*Exercise details*.
All of the data that follows should be retyped exactly, please, except the pictures.

*Data below*.
§

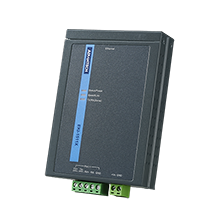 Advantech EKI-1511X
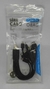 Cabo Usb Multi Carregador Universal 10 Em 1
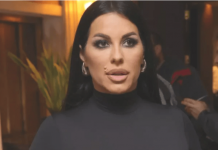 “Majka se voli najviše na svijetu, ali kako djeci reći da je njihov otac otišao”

§

*Task output*.
 Advantech EKI-1511X
 Cabo Usb Multi Carregador Universal 10 Em 1
 “Majka se voli najviše na svijetu, ali kako djeci reći da je njihov otac otišao”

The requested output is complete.